The artist’s first song to top the charts on both sides of the Atlantic, the lead single off the fifteenth studio album of the same name (also with the tracks “China Girl” and “Modern Love”) climbed to number one on this day in 1983 and features the instrumental talent of sessions blues guitarist Stevie Ray Vaughan—David Bowie only contributing vocals for the first time in his recording career. The album was first released on 14 April followed a few days later by the music video by David Mallet (previously), filmed in New South Wales, premiering on the UK rock show The Tube with Jools Holland, is a metaphor for the hegemony of Western culture. This release kicked of Bowie’s “Serious Moonlight” world tour.

Friday 17 March 2023

at first i was afraid, i was petrified (10. 615)
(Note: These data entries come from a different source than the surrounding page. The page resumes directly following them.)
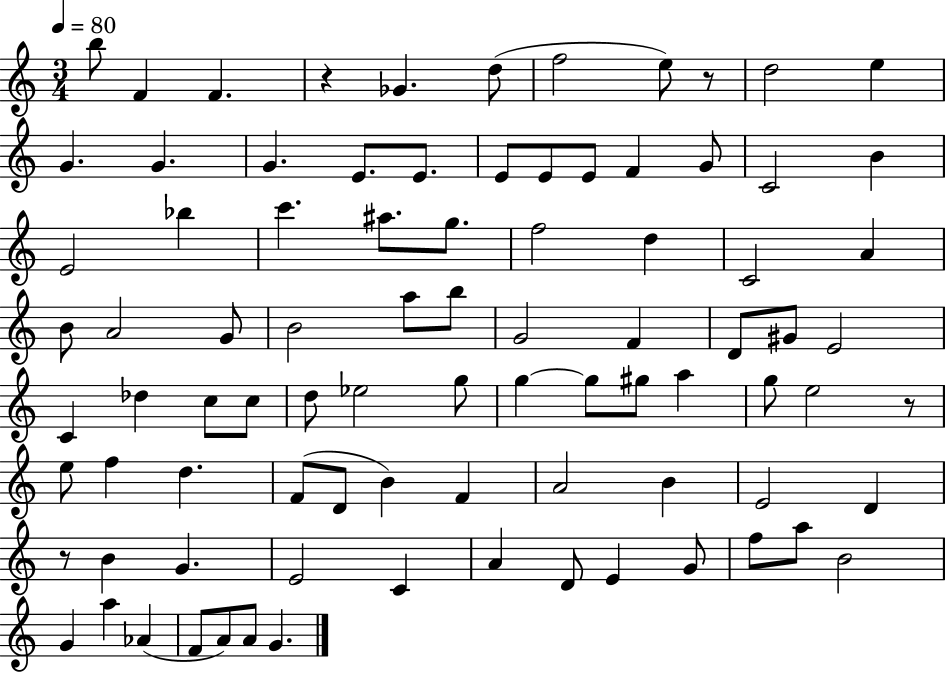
{
  \clef treble
  \numericTimeSignature
  \time 3/4
  \key c \major
  \tempo 4 = 80
  b''8 f'4 f'4. | r4 ges'4. d''8( | f''2 e''8) r8 | d''2 e''4 | \break g'4. g'4. | g'4. e'8. e'8. | e'8 e'8 e'8 f'4 g'8 | c'2 b'4 | \break e'2 bes''4 | c'''4. ais''8. g''8. | f''2 d''4 | c'2 a'4 | \break b'8 a'2 g'8 | b'2 a''8 b''8 | g'2 f'4 | d'8 gis'8 e'2 | \break c'4 des''4 c''8 c''8 | d''8 ees''2 g''8 | g''4~~ g''8 gis''8 a''4 | g''8 e''2 r8 | \break e''8 f''4 d''4. | f'8( d'8 b'4) f'4 | a'2 b'4 | e'2 d'4 | \break r8 b'4 g'4. | e'2 c'4 | a'4 d'8 e'4 g'8 | f''8 a''8 b'2 | \break g'4 a''4 aes'4( | f'8 a'8) a'8 g'4. | \bar "|."
}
Beginning a four-week run at the top of the UK singles charts on this day in 1979 (also a hit internationally and inscribed on the National Recording Registry by the Library of Congress for its cultural and artistic significance) the disco anthem about discovering personal strength in the face of breakup owes its origins to the dismissal of principal lyricist Dino Fekaris, partnering with Freddie Perren—also a former co-worker out of a job—and the resolution to bounce back, as a song-writer no less. With the working-title “Substitute,” performer Gloria Gaynor immediately recognised it as a hit. Played first by DJs in Studio 54 before the record was released, the accompanying promotional video, filmed in competing night club Xenon Discotheque and features a troupe of dance skaters.

Friday 11 November 2022

and i’ll never have that recipe again (10. 292)

Written by Jimmy Webb and first recorded by Irish actor and singer Richard Harris (Arthur in Camelot) a decade before, the disco arrangement by Donna Summer (encouraged by producer Giorgio Moroder) of MacArthur Park climbed to number one on the Billboard Hot 100 on this day in 1978, holding the top spot for three weeks. Originally pitched to the sunshine pop group The Association (“Cherish,” “Along Comes Mary”), they rejected Webb’s composition due to its stream-of-consciousness lyrics and ambitious, over-the-top arrangement.

Saturday 13 August 2022

na-na, na-na, na-na, na-na-na-na now (10. 056)

Probably better known for “(That’s the Way) I Like It” and “(Shake, Shake, Shake) Shake Your Booty”—but this is a fun one too—the band hailing from Hialeah, Florida—the Sunshine State registered at the top of UK singles charts, the band’s first and only number one in Britain (where it became a popular sporting chant) a decade after the group formed, with “Give It Up” this day in 1983, the lead track from their ninth studio album All in a Night’s Work. Released internationally just earlier in the month and facing quite a cultural backlash against disco at the beginning of the decade, the song was regarded as a comeback hit for KC and the Sunshine Band and one of the last first-wave reverberations of the genre.

Saturday 25 September 2021

you think that i could muster up a little soft shoe gentle sway

Written and composed by Scott Hoffman, Jason Sellards and Elton John (on piano) and released as a single from their second studio album Ta-Dah in July of that year, this week in 2006 saw the Scissor Sisters’ signature track “I Don’t Feel Like Dancin’” top the charts in the UK, later reaching the same heights in Germany, Norway, Switzerland and Croatia. The Nu-disco song performed by Jakes Shears and Ana Matronic crosses elements of The Four Seasons’ “December, 1963” and Leo Sayer’s “You Make Me Feel Like Dancing—Want to Dance the Night Away.”